Does the national legislation of Suriname protect children from violence in their home and at school?
Keywords:child rights, violence, best interest of the child, international obligations, national legislation
Background: Article 19 of the UN Convention on the Rights of the Child (CRC) contains the obligation for the State to protect children from every form of violence.
Aim:To evaluate whether and how Surinamese legislation on violence against children at home and in school meets international regulations and obligations, particularly with regards to Article 3 (1) and 19 of the CRC.
Method: Firstly, an overview is presented of the international rules and standards relevant to the protection of the child from all forms of violence with a focus on Article 19 and 3 (1) CRC and the related General Comments of the CRC Committee. Secondly, a comparison was made between the obligations enshrined in Articles 3 (1) and 19 of the CRC and the Surinamese provisions in the national legislation; in that regard a distinction is made between provisions in the Penal Code and the Civil Code.
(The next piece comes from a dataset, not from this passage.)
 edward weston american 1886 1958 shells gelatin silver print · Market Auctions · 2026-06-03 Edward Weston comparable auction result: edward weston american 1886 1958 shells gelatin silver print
Identified differences in the Surinamese law will be presented and recommendations are made for further legislative measures.
Results:This study of the implementation of Articles 3(1) and 19 of the CRC, shows concordances and discordances between national legislations and international obligations.
Conclusion: Legislation has been adopted to protect children from violence in Suriname, but the development of legislation itself is not sufficient to stop violence against children. Law enforcement and the implementation of an integral policy on this matter are recommended.